Photo by Matthieu Comoy on Unsplash

So rocking at the edge of 30 I had to make a choice of how to make it happen. I had experience. My dad hadn't taught me much but I'd hung around enough and overheard all the long talks he had about projects to know pretty much how it all rolled. I'd been working on Photoshop and Illustrator since the first versions, so I knew the tools. I put my name out there and got my first few clients. I didn't do great but passion and determination got me a long way. I teamed up with a good friend who was in Los Angeles, David Salmassian and helped him out with design projects that had a lot of scope to cover. It was mostly in the action sports world which I loved. Flash animation, website pages and features were the meat of the projects. 

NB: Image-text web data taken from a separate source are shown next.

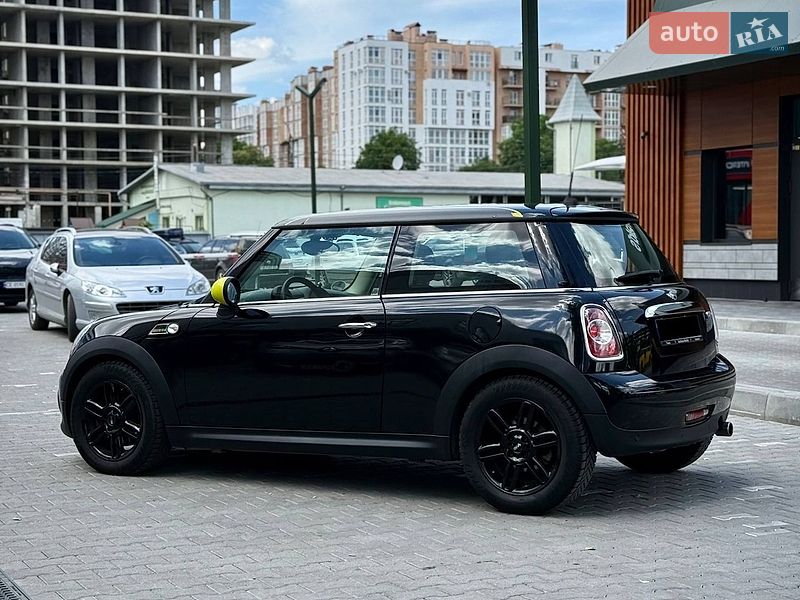 Хетчбек MINI Cooper 2013 в Чернівцях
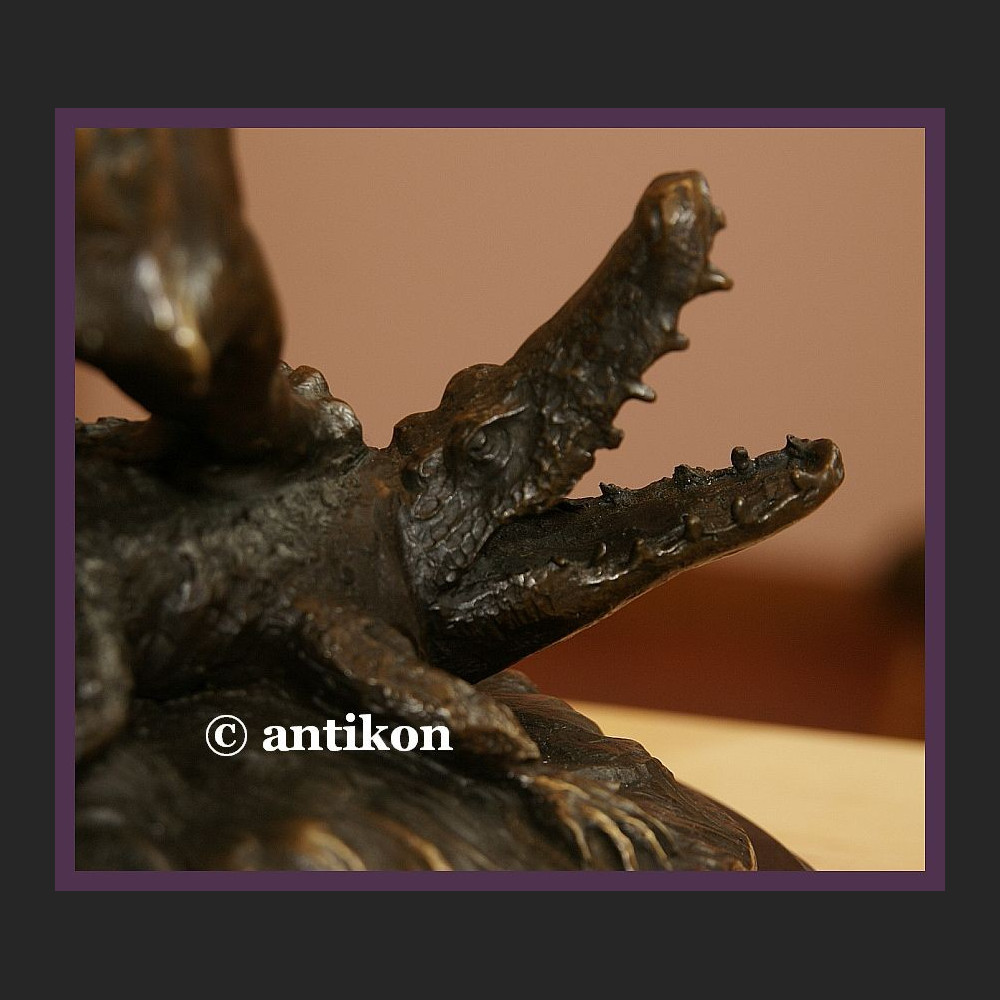 SALONOWY BRĄZ LEW WALCZĄCY Z KROKODYLEM SYGNOWANA RZEŹBA SALONOWY BRĄZ LEW WALCZĄCY Z KROKODYLEM SYGNOWANA RZEŹBA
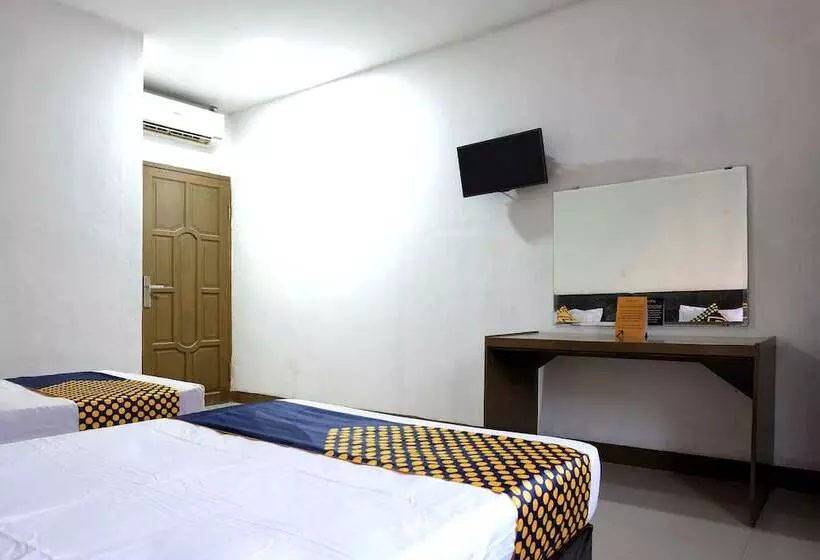 Hotelli Spot On 2661 Wisma Maysara Makassar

I kept working with David for a few more years and then headed to Seattle. Freelancing was a freedom that I really loved. To a certain degree, I chose who I worked with and how the projects went. I was in direct contact with clients and got to hear every word of what they were looking for in a project and got to apply my creativity to solving their problems. But then the great recession came and my clients dried up. I had to get a job and it was looking grim. Luckily there was a small shop in Bellevue that was looking to become a creative shop that needed a designer team, so I got my first "real job" as a designer. Design was a lot of fun there but it became a lot harder. I had to collaborate and cooperate with about ten others in the shop. It wasn't really as fun as before. I was still pretty green and didn't have the confidence and eloquence of how to get my creative ideas out there. I think I did some good work and grew a lot but freelancing was where I really belonged. But the economy had other plans for me. I next worked at the ad agency Wunderman and it was actually pretty exciting. It was much more free and progressive than the previous shop. Unfortunately, it was A LOT more work. I didn't have trouble handling the projects but it became pretty hard to put the care I wanted to in each one. After two pretty great years I decided to try and be true to what I was and went back on my own. And how great that was. I was working for clients, I was working with agencies and companies, it was all so free flowing. I met a Creative Director, Eric Rak, while working with an agency in Seattle and we shared a lot of vision. Working on projects with him and his team was such a pleasure and just so hangup free. We worked together off and on for two years until I moved to Japan.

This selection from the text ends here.